## TASK BRIEF
Copy nothing but the line with "MLB Toronto Blue" and the lines that follow it to the end of the entries below, and keep the pictures out.

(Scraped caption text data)

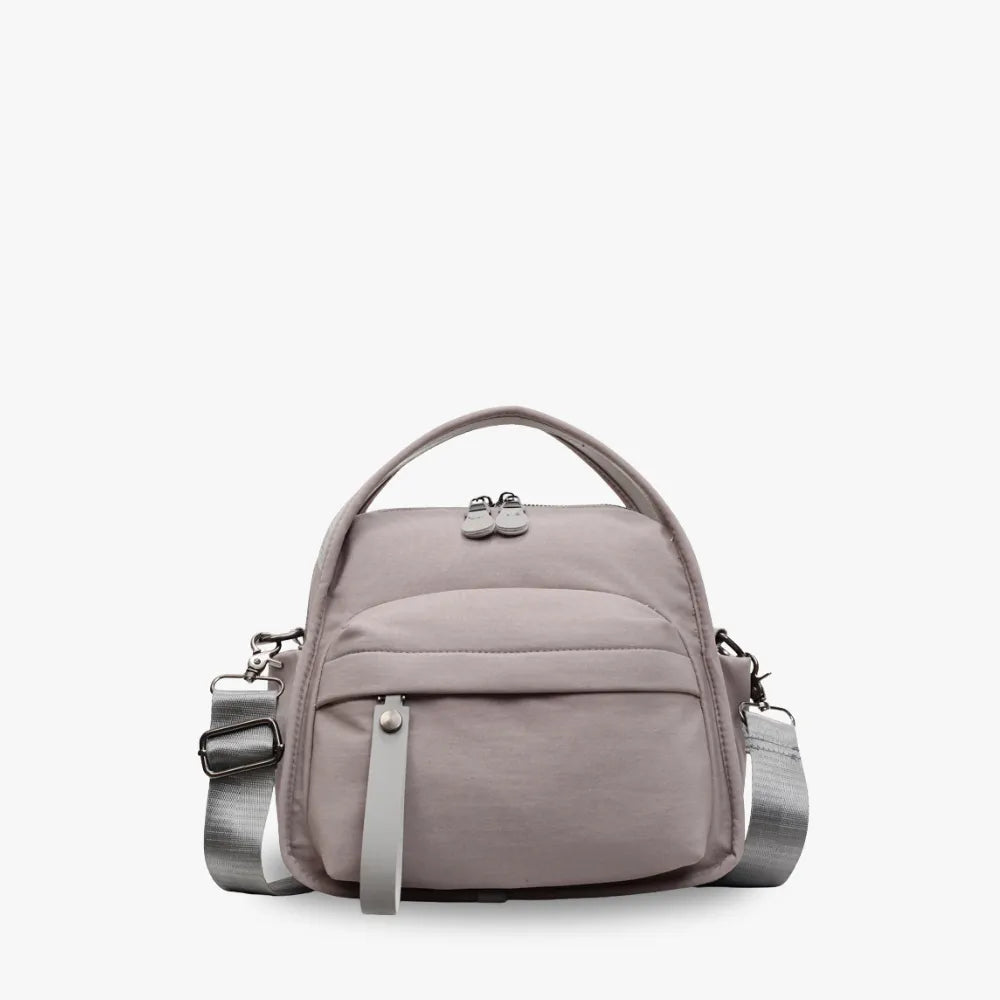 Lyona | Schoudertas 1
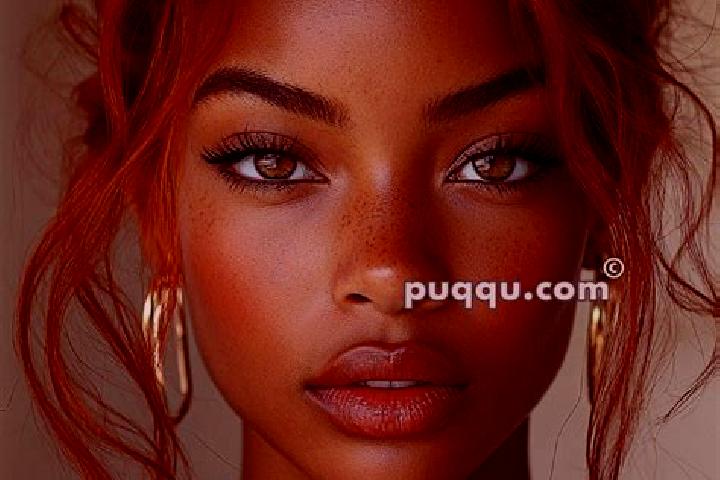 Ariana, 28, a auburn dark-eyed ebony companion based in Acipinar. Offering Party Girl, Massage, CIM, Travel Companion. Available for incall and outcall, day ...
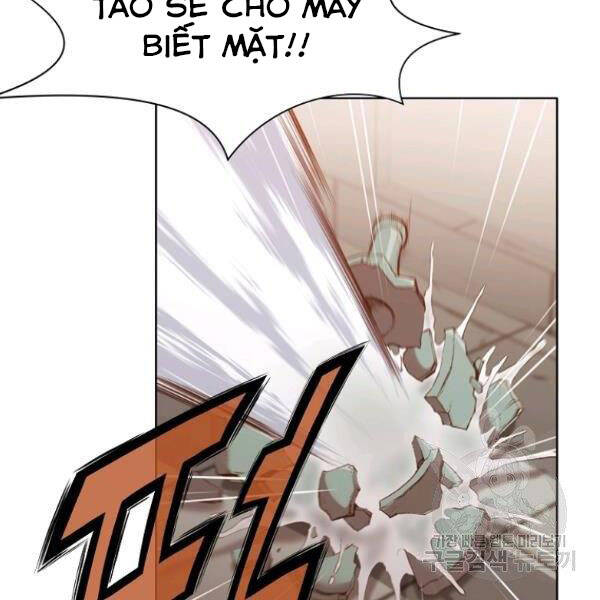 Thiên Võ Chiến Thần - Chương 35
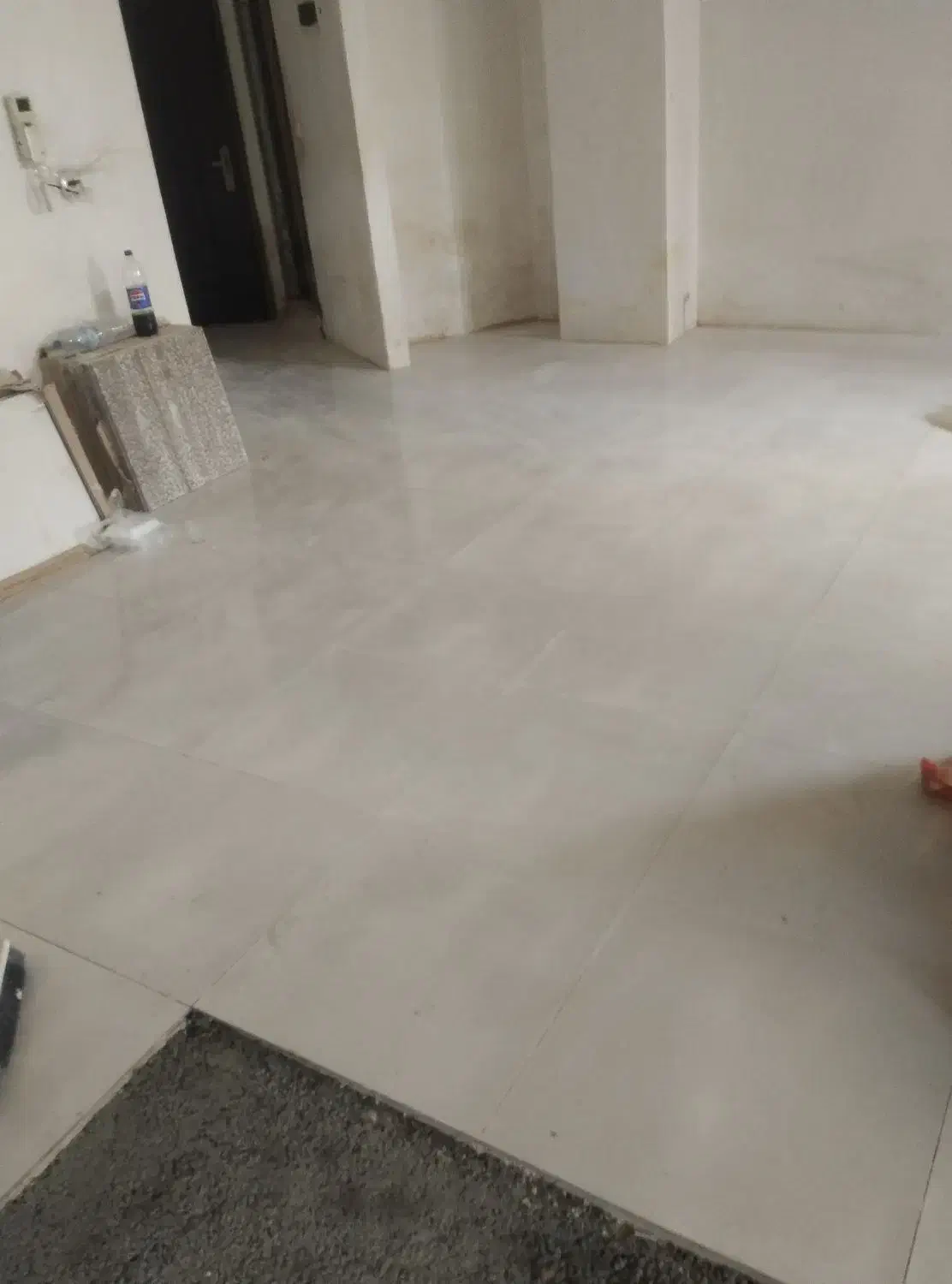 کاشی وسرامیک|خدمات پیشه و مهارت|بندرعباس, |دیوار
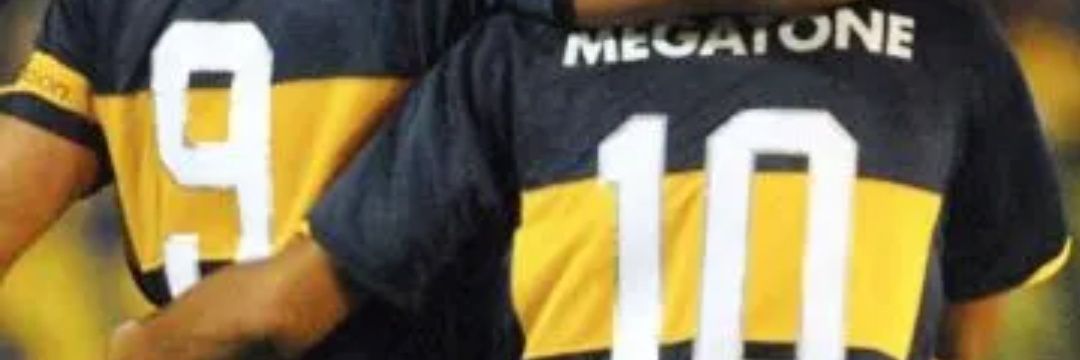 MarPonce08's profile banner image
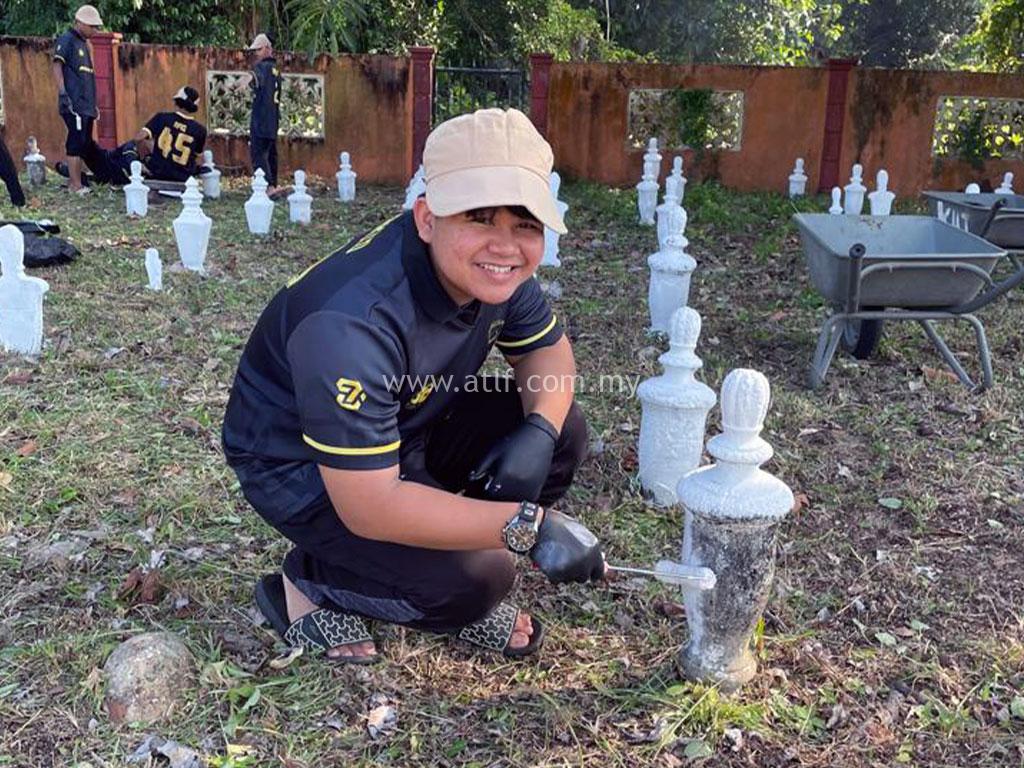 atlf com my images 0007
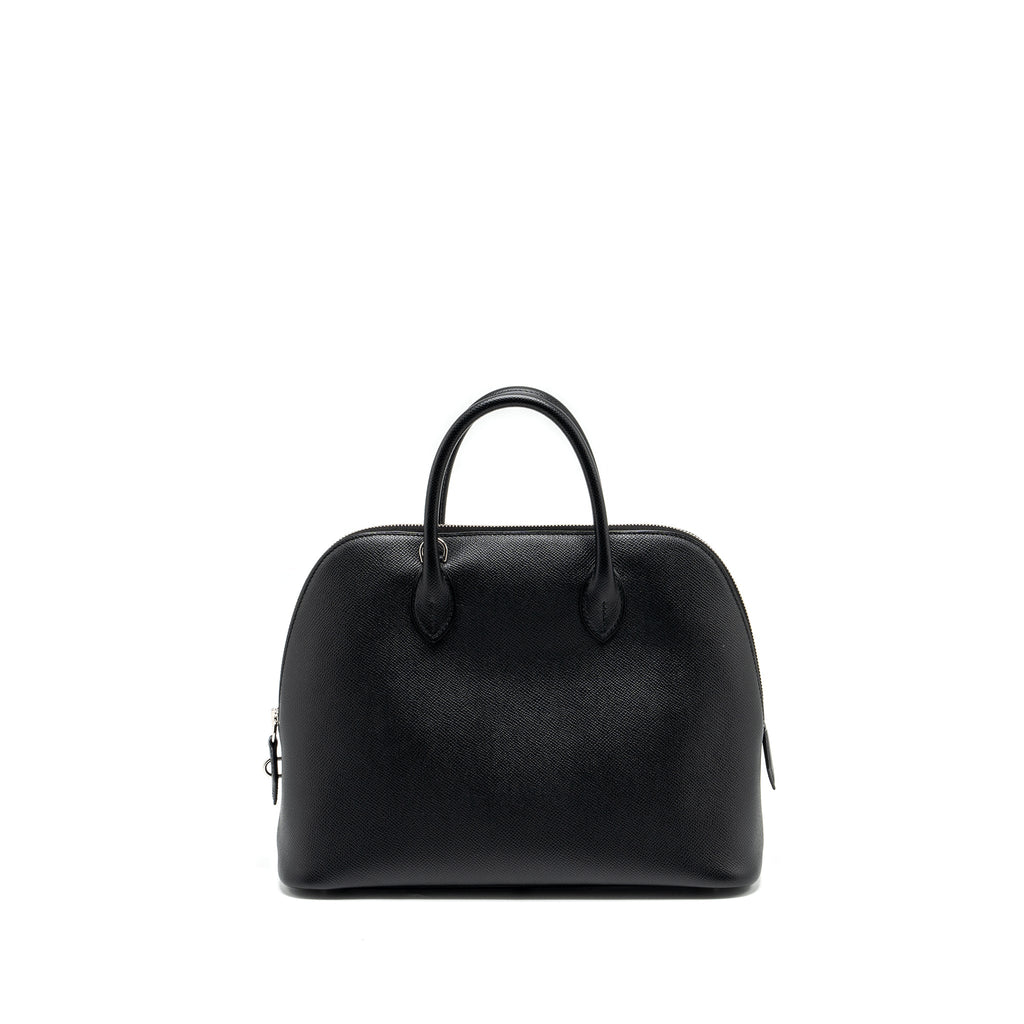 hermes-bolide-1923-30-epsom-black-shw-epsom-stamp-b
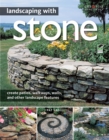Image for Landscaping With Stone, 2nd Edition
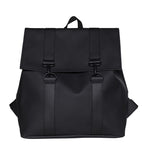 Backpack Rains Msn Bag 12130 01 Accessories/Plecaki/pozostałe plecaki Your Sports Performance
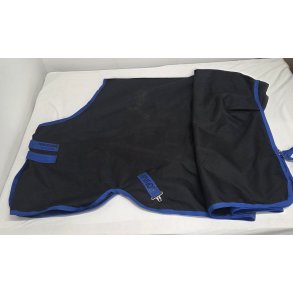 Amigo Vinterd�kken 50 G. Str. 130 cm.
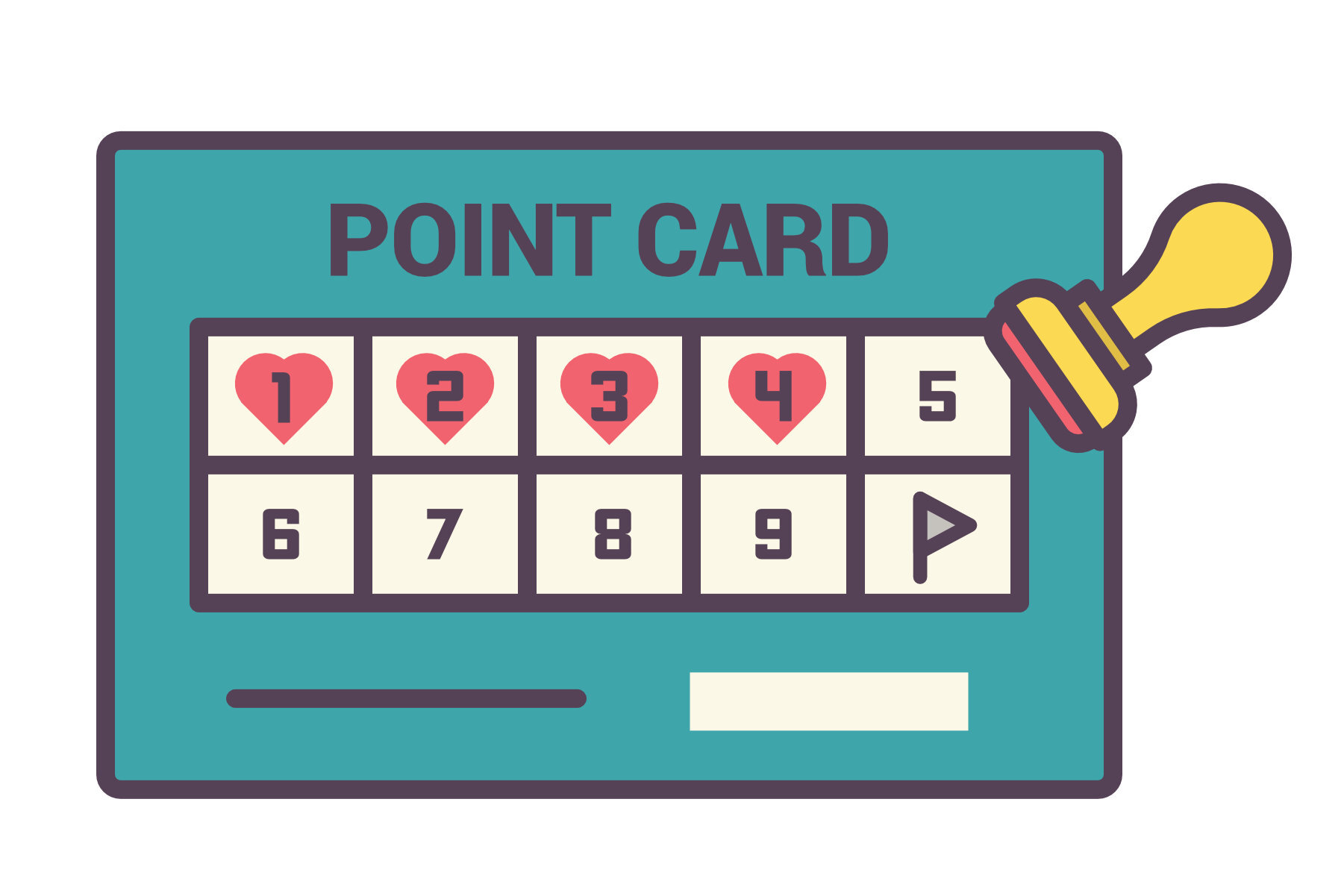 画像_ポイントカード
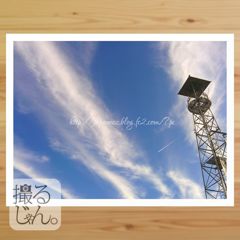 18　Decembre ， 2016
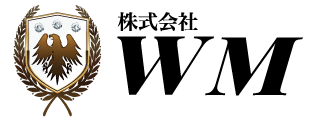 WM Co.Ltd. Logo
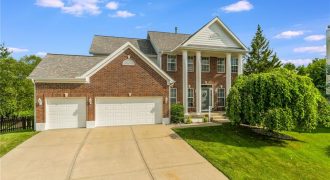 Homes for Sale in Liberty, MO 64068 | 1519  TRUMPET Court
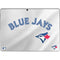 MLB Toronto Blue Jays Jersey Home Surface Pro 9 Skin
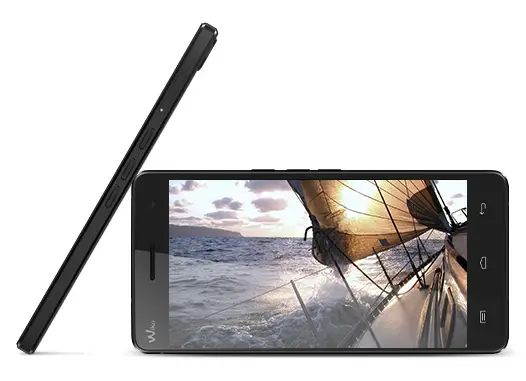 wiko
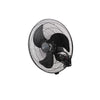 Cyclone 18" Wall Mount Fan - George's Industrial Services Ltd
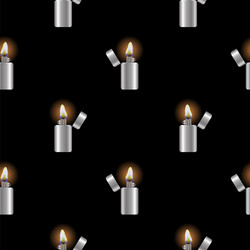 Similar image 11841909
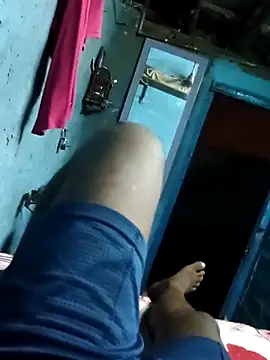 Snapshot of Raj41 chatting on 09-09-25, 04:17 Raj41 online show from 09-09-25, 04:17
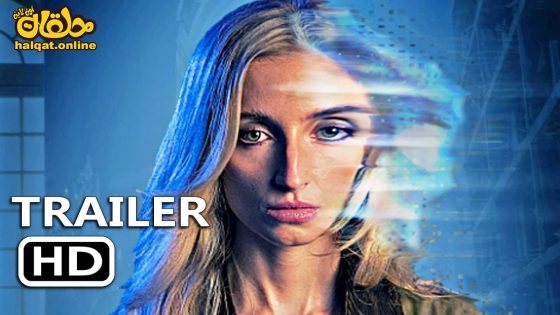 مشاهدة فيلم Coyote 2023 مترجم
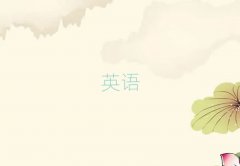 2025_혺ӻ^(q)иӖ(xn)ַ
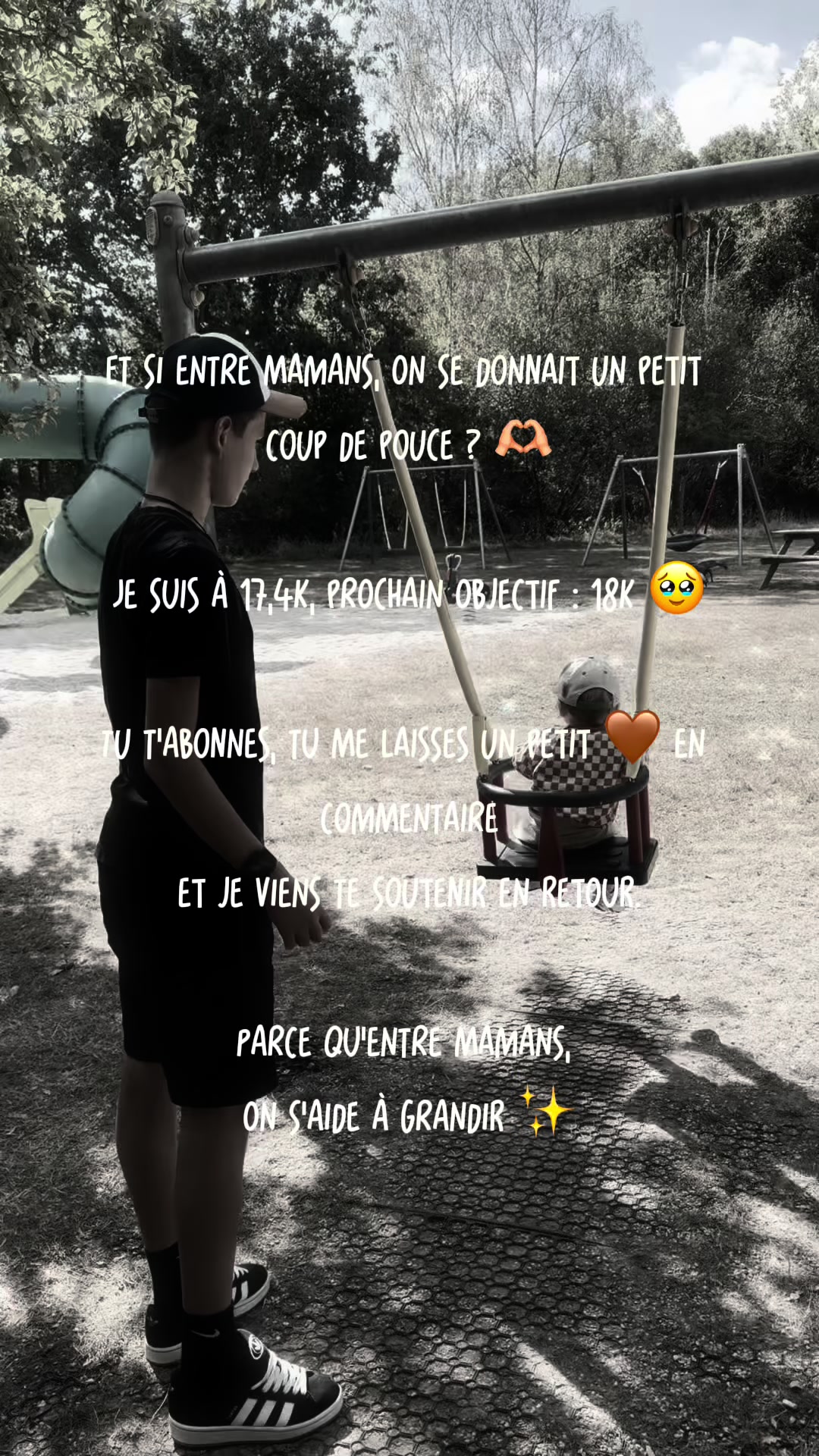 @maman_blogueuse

## EXERCISE OUTPUT
 MLB Toronto Blue Jays Jersey Home Surface Pro 9 Skin
 wiko
 Cyclone 18" Wall Mount Fan - George's Industrial Services Ltd
 Similar image 11841909
 Snapshot of Raj41 chatting on 09-09-25, 04:17 Raj41 online show from 09-09-25, 04:17
 مشاهدة فيلم Coyote 2023 مترجم
 2025_혺ӻ^(q)иӖ(xn)ַ
 @maman_blogueuse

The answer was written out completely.